La résolution parlementaire a été présentée par l’opposition Economic Freedom Fighters (EFF) La semaine dernière, l’ANC au pouvoir s’est engagé à soutenir ce qui a été une position diplomatique centrale pour l’Afrique du Sud depuis que Nelson Mandela est devenu le premier président démocratiquement élu du pays en 1994.

Le whip en chef de l’ANC, Pemmy Majodina, a modifié le dernier point du projet de résolution du FEP demandant la fermeture et la suspension diplomatique de l’ambassade, pour y inclure les mots : « … jusqu’à ce qu’un cessez-le-feu soit accepté par Israël et qu’Israël s’engage à engager des négociations facilitées par les Nations Unies dont le résultat doit être une paix juste, et durable. »

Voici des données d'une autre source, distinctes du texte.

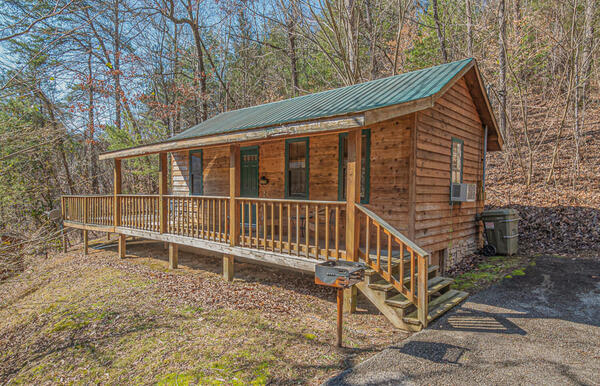 Cabin 7 (1K) Photo 1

L’Afrique du Sud soutient depuis des décennies la cause palestinienne d’un État dans les territoires occupés par Israël, comparant le sort des Palestiniens à celui de la majorité noire pendant l’ère de l’apartheid répressif, une comparaison qu’Israël nie avec véhémence.

Le FEP a proposé la motion jeudi en solidarité avec le peuple palestinien sur le bombardement israélien et l’invasion de Gaza, provoquée par une incursion meurtrière des militants du Hamas en Israël le 7 octobre.